Strache’nin İbiza’da Rus kadınla gizli çekilmiş video görüntüleri önce devlet krizine, ardından da aile krizine neden olmuştu. Strache hem Başbakan yardımcılığından ve hem de partisinin başkanlığından istifa etmek zorunda kalmıştı. Dönemin başbakanı Kurz, skandalı araştırmakla görevli olan FPÖ’lü İçişleri Bakanı Herbert Kickl’i hem tarafsız olamayacağı hem de yolsuzluk ve yasadışı bağış şüphesi altında olduğu için görevden azletti. FPÖ de buna karşılık tüm bakanlarını hükümetten çekme kararı aldı.

Bunun üzerine Kurz, boşalan bakanlıklara teknokratlar atayarak seçimlere kadar başbakanlığı sürdürmek istedi, fakat parlamentoda güven oyu alamadı ve Cumhurbaşkanı tarafından azledildi. Böylece, Avusturya tarihinde ilk defa bir Başbakan Cumhurbaşkanı tarafından görevinden azledilmiş oldu.

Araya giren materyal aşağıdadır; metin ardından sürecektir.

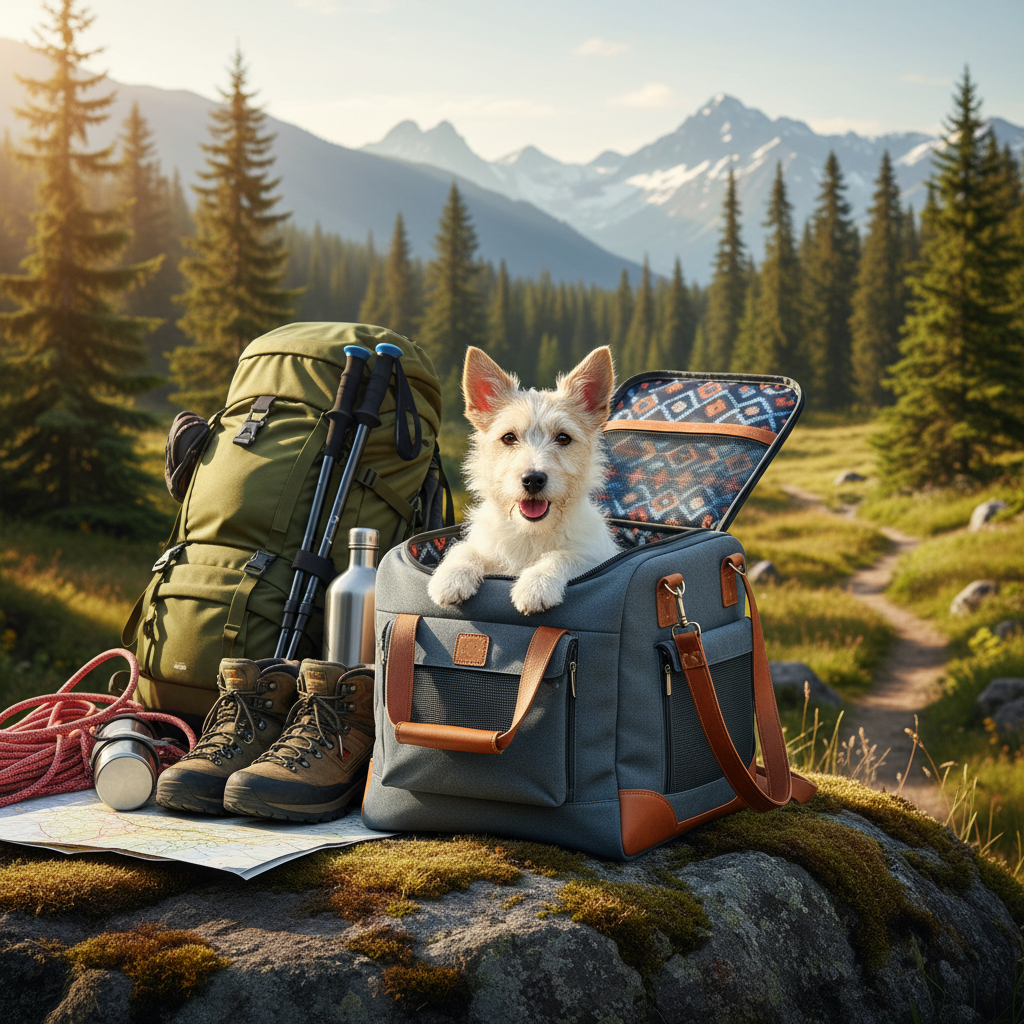 Portable pet travel bag and carrier with small dog peeking out outdoors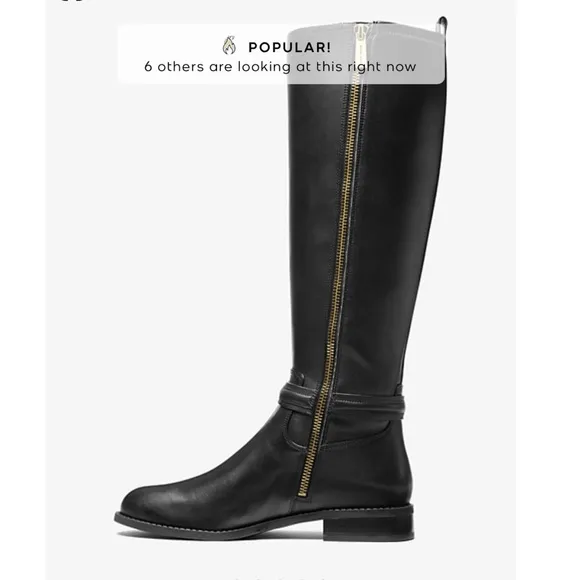 Michael Michael Kors Mindy Flat Leather Boot Black 8 m $375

Cumhurbaşkanı Alexander Van der Bellen azlin ardından geçici başbakanlık görevini Anayasa Mahkemesi Başkanı Brigitte Bierlein’a verdi. Dört aylık “teknokratlar hükümeti” sonrası yapılan seçimde, Kurz’un partisi oylarını artırarak, yüzde 37,5’le birinci parti oldu. Bir önceki seçimde yüzde 4 seçim barajına takılarak parlamento dışı kalan Yeşiller Partisi de yüzde 13,9 oy alarak parlamentoya girdi. Seçimlerden önce bile Yeşillerle koalisyon görüşmeleri yapan Kurz, seçim sonrası Yeşillerle birlikte kurduğu kabinede yeniden başbakan oldu.

Kurz’un istifası

İstifa eden Kurz’un, yerine başbakan yaptırdığı ismin ona oldukça yakın biri olduğu söyleniyor. Bir de parti başkanlığı ve parlamento grup başkanlığı görevlerini sürdürecek olması, Kurz’u gerçekten de “gölge başbakan” haline getiriyor. Dolayısıyla o, Avusturya siyasetine hükmetmeye devam etmenin yanı sıra, kendisine “atfedilen suçlamaları ve komployu” “açığa çıkarma” imkanlarının da başında bulunuyor.

13. yüzyıldan başlayıp l. Dünya Savaşı’ndaki dağılışına dek yüzyılları bulan bir devlet ve entrikalar geleneğine sahip, Viyana önlerinde Osmanlı’nın bozguna uğratılmasının da mimarı olan Habsburg Hanedanlığı’nın artığı Avusturya, Kurz’u “gölge başbakan” yapmakla krizi atlatmış görünüyor.

“Devlet aklı” diye tabir edilen derin devlet, devletin bekasını ve Sebastian Kurz’u koruduğunu düşünüyor. Kurz kendisine sunulan imkanlarla “aklanma” yolları arayacak ve 2024’te yapılması planlanan seçimde güçlenerek hükümet olma hesabıyla hareket edecektir. “Devlet aklı” ve Kurz’un yarına dair hesaplarını ancak öfke ve tepkilerini eyleme dökmek koşuluyla Avusturyalı işçi ve emekçiler bozabilir.